This project applies supervised machine learning techniques to develop a prediction model that proactively predicts whether or not clients of a commercial bank will stay with the bank. The data come from real transaction records of Xiamen International Bank, a major commercial bank in China.
The project starts with an Exploratory Data Analysis (EDA), followed by model development and implementation. The project then estimates the client's retention rate using the model. Finally, the project provides a business solution regarding how to precisely and efficiently target clients who are likely to churn.
Churn is defined as customers stop using a company's service and, in most cases, no longer paying for service fees. (Reference: Churn Case Study)

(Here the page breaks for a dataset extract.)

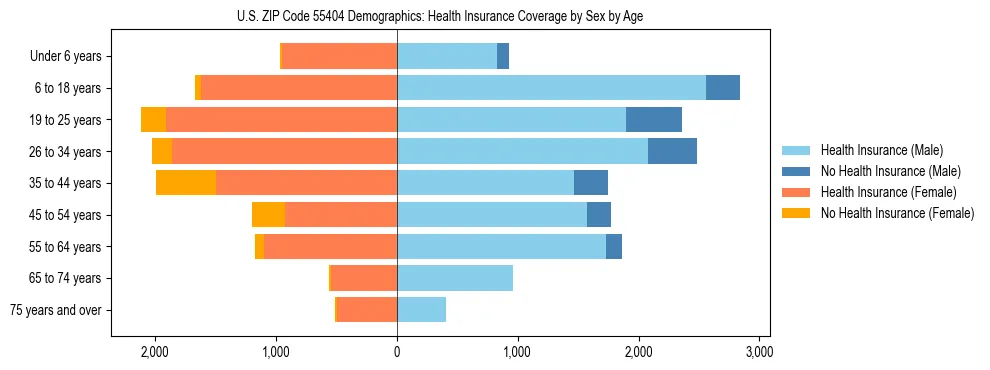 Pyramid chart showing health insurance coverage by age and sex in US ZIP Code 55404.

A complete final report is available here.
If you have a bank account, you probably know that banks offer opening bonuses in the form of cashback or reward points in order to encourage potential clients. A typical opening bonus works in the way that if a client agrees to put a certain amount of assets in the bank, he/she will receive direct discounts or promotions to other services from the bank. If you are an experienced bank client, you may have been contacted by banks about retention offers. Banks give various financial offers to clients to prevent them from leaving. There are two main reasons why banks are so obsessed with offers. First, banks need to maintain a healthy client relationship in order to keep a consistent revenue increase. Second, the finance industry is highly competitive. Banks constantly launch new marketing programs to discourage clients from going to competitors. After decades of improvement, nowadays, most commercial banks have adopted a retention-based client relationship model.
This project has two affiliations:
-
It is the final project of the Statistical Consulting Research Seminar course at New York University.
-
It is the team project of an active competition on Data Castle: 2020 Financial Modeling Competition by Xiamen International Bank.
The strategy is to train different supervised models using the train set and fit the model to the test set to measure the performance of model prediction.
This project focuses on determining the most important features of a churn prediction model. The research questions are:
- What are the most important features of the data? Are there any interesting findings regarding the data?
- Which algorithm has the best performance in predicting churns? How to estimate the performance?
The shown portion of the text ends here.